Animal Rights Activists Cause Chaos At NBA Playoffs Over Owner’s Factory Farm

By Keith Allison: Flickr, e-mail, Twitter, Instagram, website - https://www.flickr.com/photos/keithallison/26769613517, CC BY-SA 2.0, https://commons.wikimedia.org/w/index.php?curid=75101302

Two connected animal rights protestors interrupted the NBA Playoffs over Minnesota Timberwolves owner Glen Taylor’s factory farms in Iowa.

The first incident occurred during the NBA’s play-in game between the Los Angeles Clippers and the Timberwolves, when animal rights activist Alicia Santurio glued her hand to the court during the second quarter of the game when a freethrow was being attempted on the opposite side. 

Security had to pull Santurio off the floor, while she tried resisting to allow the glue to set. The act was an attempt to raise awareness that Taylor’s Rembrandt Farms allegedly suffocated 5.3 million hens in the wake of an avian flu outbreak. 

 

“GLEN TAYLOR ROASTS ANIMALS ALIVE,” Santurio’s t-shirt read. She was ejected from the Target Center in Minneapolis and banned for a full year, but was not arrested, and will not face charges unless she tries to come back.

A second protestor similarly interrupted game one of the Memphis Grizzlies and Timberwolves series on Saturday, when she chained herself to the hoop wearing the same t-shirt as Santurio. Zoe Rosenburg was swiftly removed when security broke her chains and escorted out of the arena.
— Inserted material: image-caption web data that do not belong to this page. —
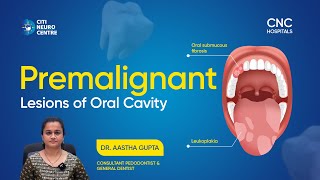 Understanding Premalignant Oral Lesions amp Leukoplakia  Signs amp Prevention  Health Tips [upl. by Zehe]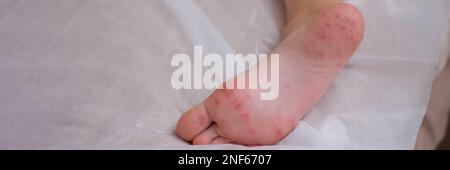 Child foot with red itchy rash closeup Stock Photo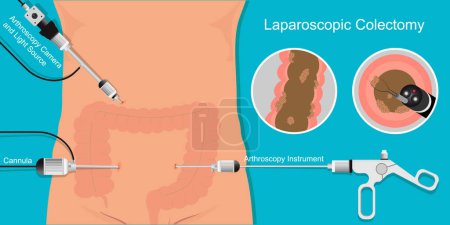 Laparoscopic colectomy surgery is inserted into the abdomen to remove the cancerous parts of the colon.The advantages of laparoscopic colectomy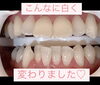 メディカルホワイトニング「メディカルホワイトニング」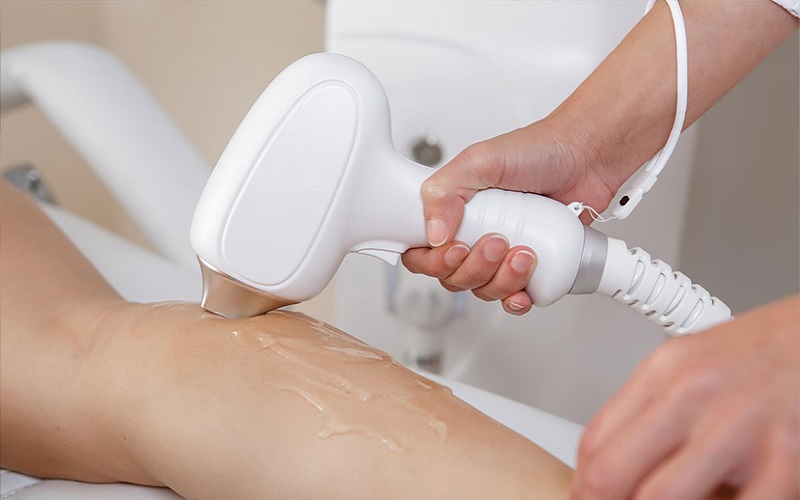 دستگاه لیزر با ژل یا بدون ژل؛ کدام بهتر است؟ 1 لیزر با ژل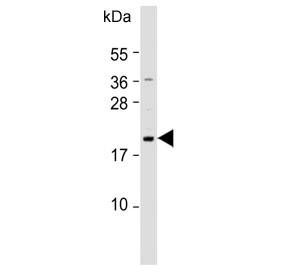 Western blot testing of human SW620 cell lysate with NUDT15 antibody. Predicted molecular weight ~19 kDa.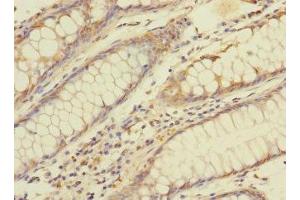 Immunohistochemistry of paraffin-embedded human colon cancer using ABIN7145902 at dilution of 1:100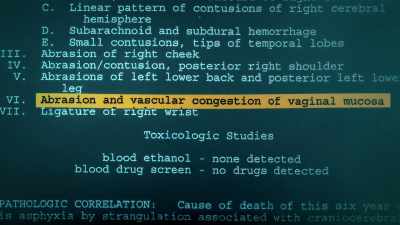 Dr. Spitz: It's quite evident
that there has been an assault - How It Really Happened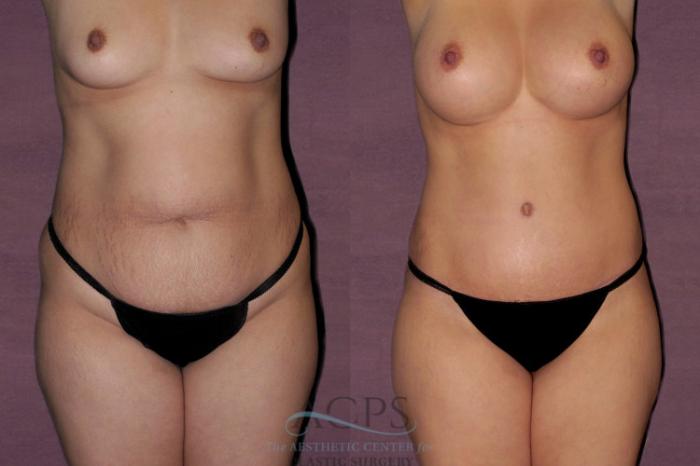 Before & After Liposuction Case 40 Front View: View in Houston, TX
She was arrested for disorderly conduct and criminal trespassing.  

Animal rights organization Direct Action Everywhere claimed credit for both women’s actions, alleging that Taylor’s factory farms killed millions of chickens with the barbaric method of “ventilation shutdown,” which suffocates the animals when the air vents are closed and “some combination of heat, steam and/or carbon dioxide gas are introduced.”